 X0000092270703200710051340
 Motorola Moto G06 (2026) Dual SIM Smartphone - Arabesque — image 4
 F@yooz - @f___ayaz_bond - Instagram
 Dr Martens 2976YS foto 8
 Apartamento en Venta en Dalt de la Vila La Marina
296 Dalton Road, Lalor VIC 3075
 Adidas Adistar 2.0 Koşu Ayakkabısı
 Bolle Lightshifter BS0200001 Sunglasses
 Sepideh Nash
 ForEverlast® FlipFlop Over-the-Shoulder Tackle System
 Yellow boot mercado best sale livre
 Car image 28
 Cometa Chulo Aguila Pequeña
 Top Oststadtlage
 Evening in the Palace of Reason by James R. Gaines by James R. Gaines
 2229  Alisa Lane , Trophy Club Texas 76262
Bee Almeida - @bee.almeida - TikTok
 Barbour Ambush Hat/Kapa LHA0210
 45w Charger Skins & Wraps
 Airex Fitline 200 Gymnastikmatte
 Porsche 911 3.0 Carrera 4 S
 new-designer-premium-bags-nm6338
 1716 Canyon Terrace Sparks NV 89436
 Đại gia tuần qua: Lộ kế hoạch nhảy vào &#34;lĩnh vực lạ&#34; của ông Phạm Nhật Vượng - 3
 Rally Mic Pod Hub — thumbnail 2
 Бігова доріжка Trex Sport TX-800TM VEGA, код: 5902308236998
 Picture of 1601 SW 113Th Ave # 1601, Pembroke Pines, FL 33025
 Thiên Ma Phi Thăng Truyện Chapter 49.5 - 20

▶ **Task instructions**
An exact copy of the lines from the one containing "Bolle Lightshifter BS0200001 Sunglasses" through the end of the data above is the whole answer.

▶ **Final answer**
 Bolle Lightshifter BS0200001 Sunglasses
 Sepideh Nash
 ForEverlast® FlipFlop Over-the-Shoulder Tackle System
 Yellow boot mercado best sale livre
 Car image 28
 Cometa Chulo Aguila Pequeña
 Top Oststadtlage
 Evening in the Palace of Reason by James R. Gaines by James R. Gaines
 2229  Alisa Lane , Trophy Club Texas 76262
Bee Almeida - @bee.almeida - TikTok
 Barbour Ambush Hat/Kapa LHA0210
 45w Charger Skins & Wraps
 Airex Fitline 200 Gymnastikmatte
 Porsche 911 3.0 Carrera 4 S
 new-designer-premium-bags-nm6338
 1716 Canyon Terrace Sparks NV 89436
 Đại gia tuần qua: Lộ kế hoạch nhảy vào &#34;lĩnh vực lạ&#34; của ông Phạm Nhật Vượng - 3
 Rally Mic Pod Hub — thumbnail 2
 Бігова доріжка Trex Sport TX-800TM VEGA, код: 5902308236998
 Picture of 1601 SW 113Th Ave # 1601, Pembroke Pines, FL 33025
 Thiên Ma Phi Thăng Truyện Chapter 49.5 - 20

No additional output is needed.